We also use Apache Doris data backup for disaster recovery, Apache Doris audit logs to monitor SQL execution efficiency, Grafana+Loki for cluster metric alerts, and Supervisor to monitor the daemon processes of node components.
We use DataX to Stream Load offline data. It allows us to adjust the size of each batch. The Stream Load method returns results synchronously, which meets the needs of our architecture. If we execute asynchronous data import using DolphinScheduler, the system might assume that the script has been executed, and that can cause a messup. If you use a different method, we recommend that you execute show load
in the shell script, and check the regex filtering status to see if the ingestion succeeds.
We adopt the Unique Key model of Apache Doris for most of our tables. The Unique Key model ensures idempotence of data scripts and effectively avoids upstream data duplication.
We use the Multi-Catalog feature of Apache Doris to connect to external data sources. It allows us to create mappings of external data at the Catalog level.
We suggest that you put the most frequently used fields of non-character types (such as int and where clauses) in the first 36 bytes, so you can filter these fields within milliseconds in point queries.

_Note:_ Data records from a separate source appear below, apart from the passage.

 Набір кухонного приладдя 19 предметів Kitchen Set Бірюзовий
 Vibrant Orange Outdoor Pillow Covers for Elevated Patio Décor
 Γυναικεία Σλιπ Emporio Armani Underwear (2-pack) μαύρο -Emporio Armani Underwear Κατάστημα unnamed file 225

For us, it is important to create a data dictionary because it largely reduces personnel communication costs, which can be a headache when you have a big team. We use the information_schema
in Apache Doris to generate a data dictionary. With it, we can quickly grasp the whole picture of the tables and fields and thus increase development efficiency.

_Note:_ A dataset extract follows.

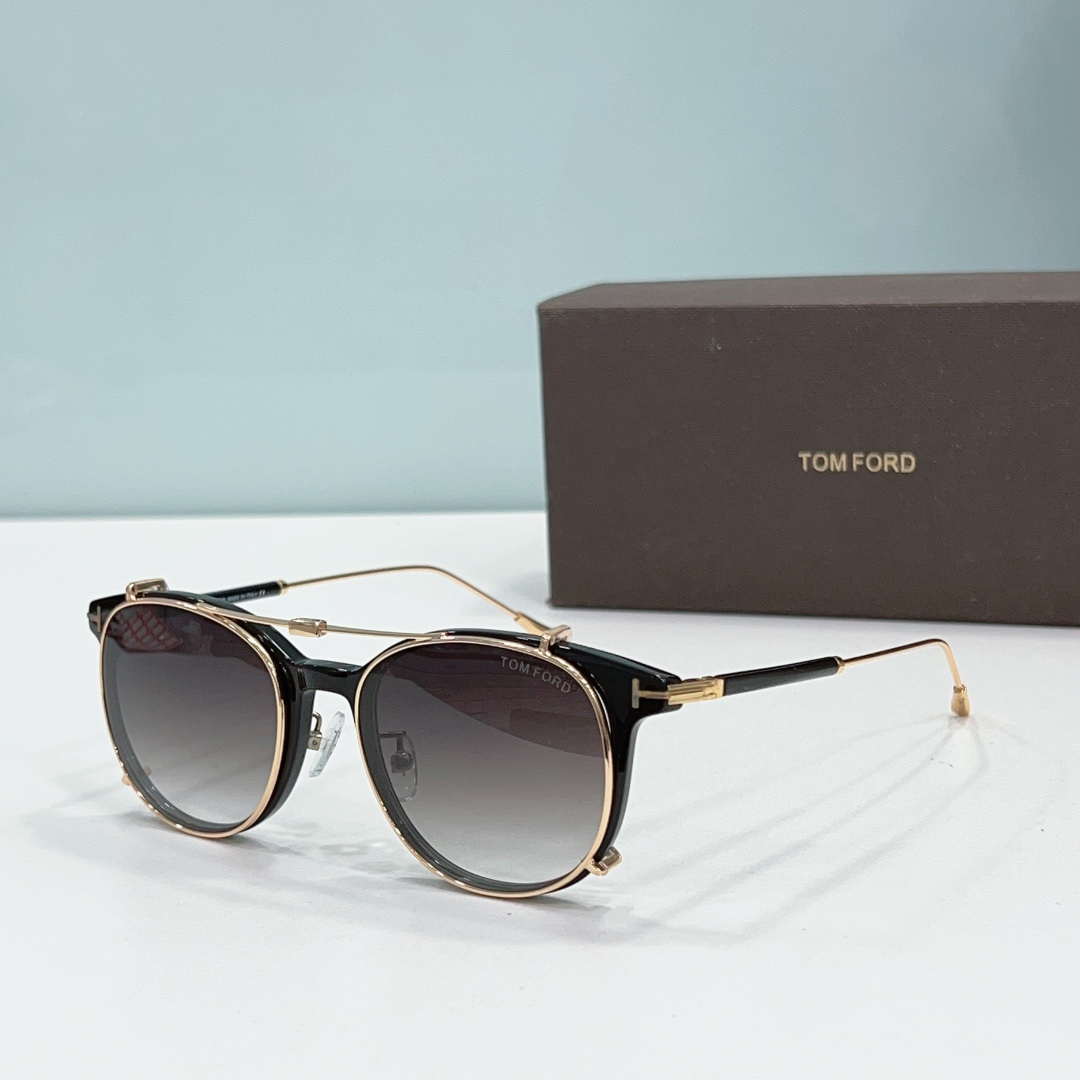 Tom Ford Round Metal Thin Frame Sunglasses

Offline data ingestion time: Within minutes
Query latency: For tables containing over 100 million rows, Apache Doris responds to ad-hoc queries within one second, and complicated queries in five seconds.
Resource consumption: It only takes up a small number of servers to build this data warehouse. The 70% compression ratio of Apache Doris saves us lots of storage resources.
Actually, before we evolved into our current data architecture, we tried Hive, Spark and Hadoop to build an offline data warehouse. It turned out that Hadoop was overkill for a traditional company like us since we didn't have too much data to process. It is important to find the component that suits you most.
On the other hand, to smoothen our big data transition, we need to make our data platform as simple as possible in terms of usage and maintenance. That's why we landed on Apache Doris. It is compatible with MySQL protocol and provides a rich collection of functions so we don't have to develop our own UDFs. Also, it is composed of only two types of processes: frontends and backends, so it is easy to scale and track.